Elisa Marilia Carneiro
De Curitiba
Encerrando o 17º Festival de Dança de Joinville, três companhias - ‘‘Raça’’, Cena 11’’ e ‘‘Dança de Rua’’ - mostraram o que a dança brasileira tem de melhor
Aguardada com ansiedade, a Noite Especial do 17º Festival de Dança de Joinville brilhou, anteontem, com os grupos ‘‘crias da casa’’. Pela primeira vez, o Festival priorizou as companhias nacionais para a noite de gala. Apresentaram-se o ‘‘Raça’’, de São Paulo, o ‘‘Cena 11’’, de Joinville e o ‘‘Dança de Rua do Brasil’’, de Santos. Ontem, foram entregues as premiações, encerrando os dez dias de festival.

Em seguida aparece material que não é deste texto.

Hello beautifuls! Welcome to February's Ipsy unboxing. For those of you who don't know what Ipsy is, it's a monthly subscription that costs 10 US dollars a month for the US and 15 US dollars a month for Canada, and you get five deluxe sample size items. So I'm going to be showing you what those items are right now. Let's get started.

Além dessas noites, o festival prestou um tributo ao bailarino brasileiro, desde o clássico ao dançarino de street dance. Valorizando profissionais que têm se destacado em teatros do mundo todo, as homenagens foram para os 90 Anos do Teatro Municipal do Rio de Janeiro e à carreira internacional de Cecília Kerche.

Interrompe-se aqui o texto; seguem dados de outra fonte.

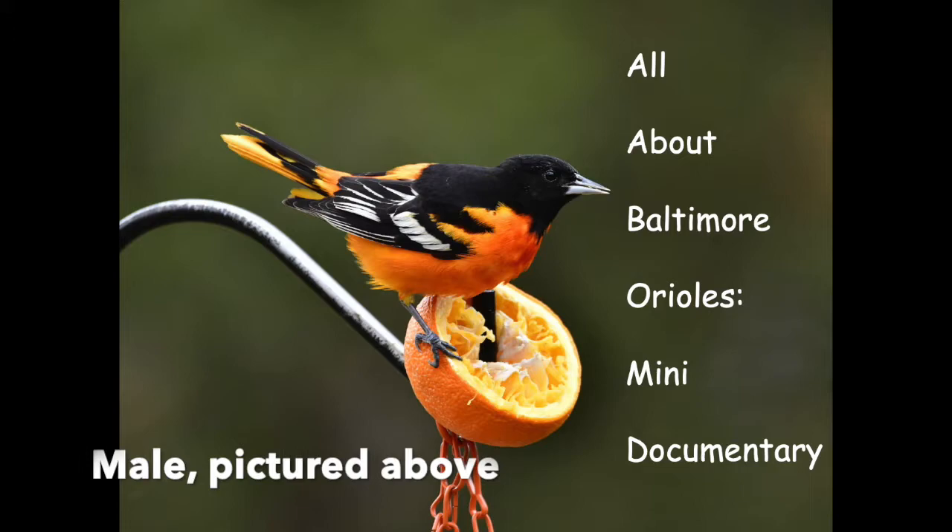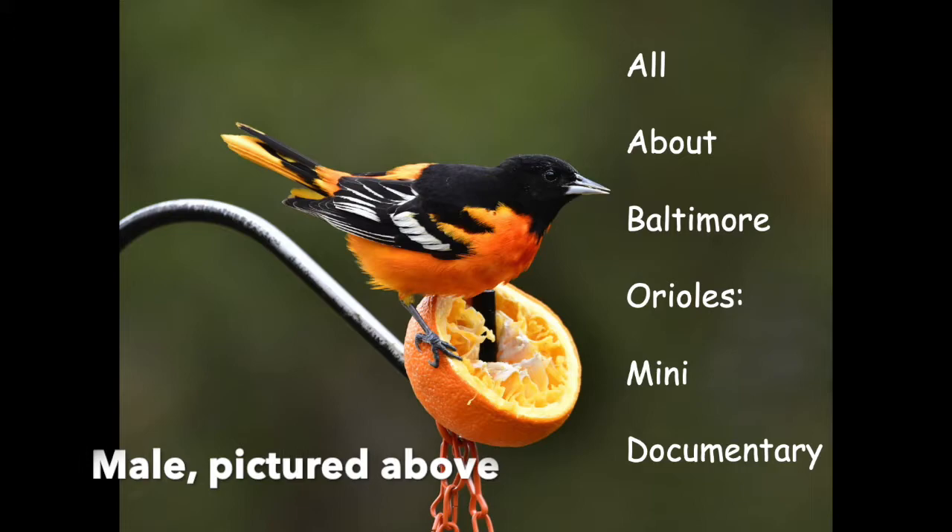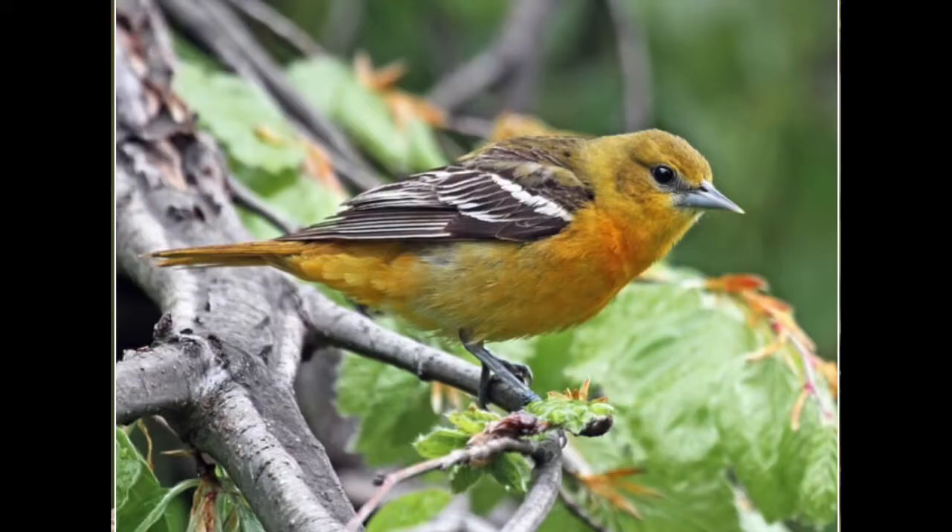Male Baltimore Orioles have black feathers with a white band. They have a black head and an orange body. Females have black wings with a white band and a yellow body.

O ‘‘Raça’’ foi formado há 20 anos e vem crescendo cada vez mais. O grupo dançou ‘‘Novos Ventos’’ - uma montagem sobre folhas de outono. Já estiveram em 15 festivais de Joinville e sempre levaram prêmios. Com 14 bailarinos, a proposta abrange a natureza das pessoas e dela mesma.
Delicadeza ao vento, as folhas ganham vida através dos movimentos dos bailarinos. Os detalhes são minuciosos no trabalho de coreografia e direção de Roseli Rodrigues. A peça utiliza, ainda, composições do músico vanguardista francês Erick Satie.
‘‘In’Perfeito’’ foi encenado pelo grupo Cena 11. Criado em 1987, pelo coreógrafo Alejandro Ahmed, o grupo concorreu em Joinville uma única vez, em 1989, quando ainda era amador. Dez anos depois, retorna como grupo profissional consagrado.
De acordo com Ahmed, o espetáculo nasceu do conceito de imperfeição para falar sobre limites. ‘‘O limite físico em analogia aos outros limites. Não separamos nada. A nossa linguagem é sempre interligada. O cenário vai crescendo com o espetáculo.’’
A maturidade da companhia firmou-se nesse espetáculo que estreiou em 1997 em São Paulo e já esteve no Rio de Janeiro, Brasilia e interior de São Paulo. Curitiba está na agenda, mas ainda sem data definida.
Com oito cenas, ‘‘In’Perfeito’’ trava do homem e de sua necessidade de obter respostas. A peça reflete a inquietação de quem tenta chegar à perfeição e abolir o mistério, mesmo que seja manipulando moléculoas em laboratório.
Em sua técnica, o grupo excede a dança, passa pela vídeo-cenografia, música ao vivo, projeção de slides e textos microfonados. Os bailarinos repartem dessa tecnologia buscando a perfeição, o controle total.
Veio de Santos, o grupo Dança de Rua do Brasil com o espetáculo ‘‘History’’ - uma espécie de colagem com os melhores momentos dos anos em que concorreram e conquistaram prêmios no festival. A retrospectiva marca o fim do período competitivo e o início de uma nova etapa em que o grupo pretende adquirir uma mentalidade de companhia e excursionar pela Europa.
Trinta e sete bailarinos apresentaram as coreografias, que contam a história do Dança de Rua do Brasil: ‘‘Questão de Alma’’, ‘‘A Lenda’’, ‘‘Essência’’, ‘‘Os Bárbaros’’ e ‘‘Homem de Preto’’. ‘‘Tentamos sintetizar e costuras essas coreografias para mostrar nossa trajetória’’, comenta o diretor Marcelo Cirino. A montagem de ‘‘History’’ tem uma hora de duração mas em Joinville foi apresentada em meia hora. ‘‘São 30 minutos de explosão.’’
Dança e voz é o novo leque de opção que o grupo pretende explorar daqui para a frente. Cantores e compositores já estão trabalhando nos projetos de pesquisa, adianta Cirino.